Requirements are derived, centralised and decentralised schemes are proposed, and the prototype is described along with the measurements. I have played the leading role in the design of the schemes and have supervised the prototyping activities.

· R. H. Glitho, Mobile Agents and Their use for Service Engineering: A Novel Upgrading Framework, IEEE Transactions on Software Engineering, submitted

In this paper I state the MSA upgrading problem in general terms, derive requirements, and propose a novel framework. The framework includes two schemes: agent swapping and agent self-upgrading. These schemes are evolved versions of the schemes described in the two previous papers. I also present the prototype and the measurements.

· R. H. Glitho, S. Methot and S. Pierre, A Novel Framework for Adapting Mobile Agents to Host Variation, ACM Transactions on Internet Technology, submitted

This paper proposes a novel framework for adapting mobile agents to host variation. The components, operations and algorithms are introduced.

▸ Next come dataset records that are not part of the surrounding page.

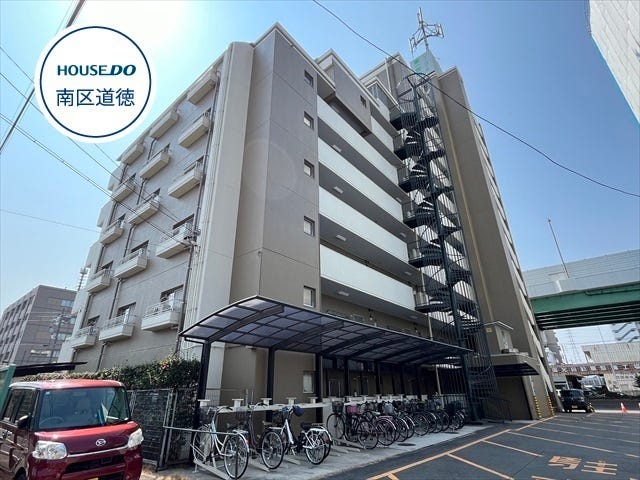 市営バス「南区役所」停 徒歩約4分。「南警察署」の北側に立地のマンションです。治安の良い住環境◎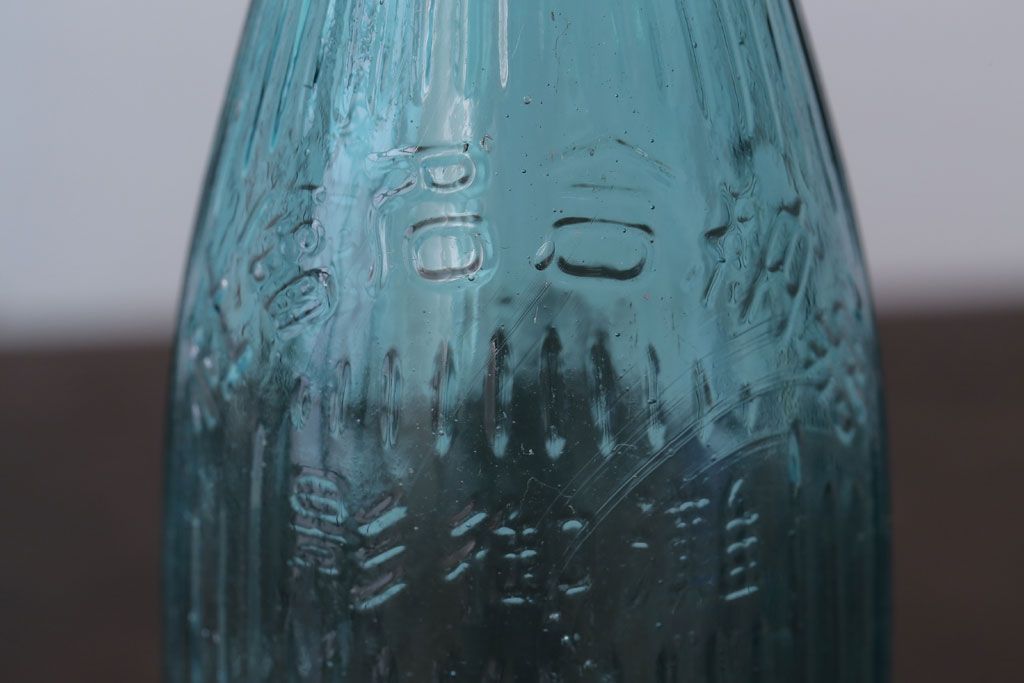 アンティーク雑貨　アンティーク　青色!気泡入りの古いガラス瓶3本セット(1)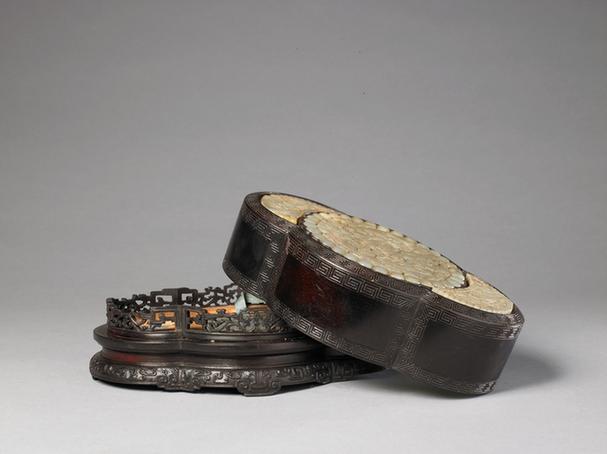 紫檀嵌玉透雕海棠式盒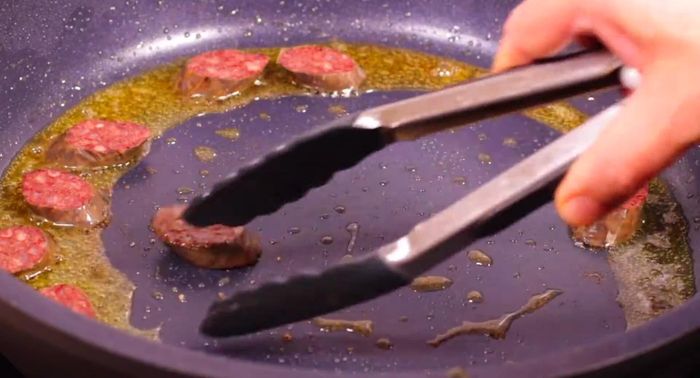 Sellar las rodajas de butifarra (o morcilla) durante 30 segundos por cada lado. Reservar.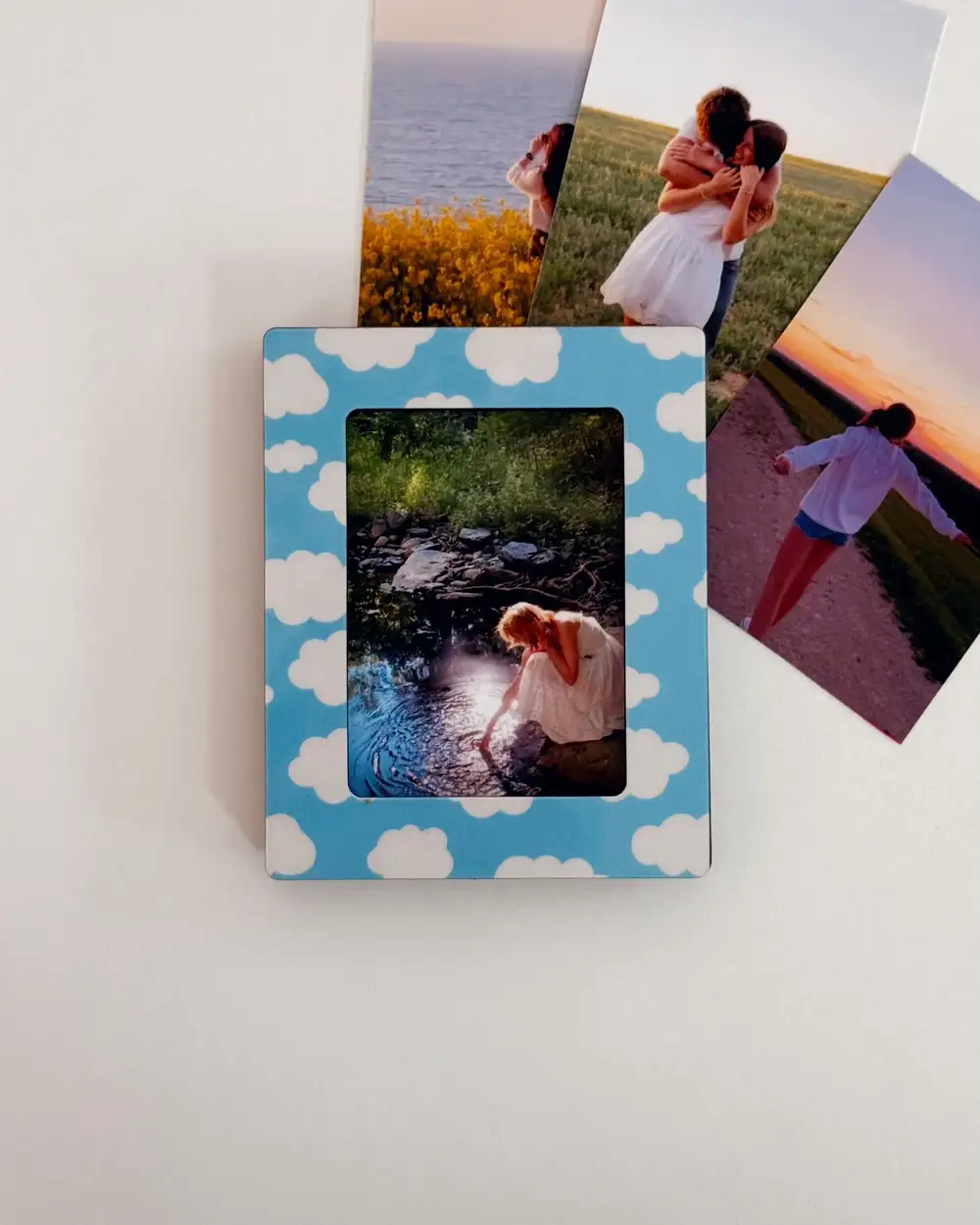Bulutlu Magnet Çerçeve Ve Kişiye Özel 4'lü Mini Fotoğraf Baskısı 6x9 cm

The framework is applied to the MSA and the prototype is described along with the measurements.

I am the main contributor. The original idea of partitioning mobile agents to adapt to host variation is mine. I have contributed the assumptions, requirements and general framework. Furthermore the framework was applied to the MSA under my supervision. The prototype was built and the measurements made under my supervision.

· R. H. Glitho, E. Olougouna and S. Pierre, Using Mobile Agents for Information Retrieval: A Brief Overview and an Elaborate Case Study, IEEE Network, January/February 2002, pp. 34- 41

This paper shows how the novel architecture can enable performance gains in terms of network load and response time for some classes of services - It proposes a novel mobile agent based multiparty event scheduler and shows how it performs its client/server counterparts including the optimally designed ones.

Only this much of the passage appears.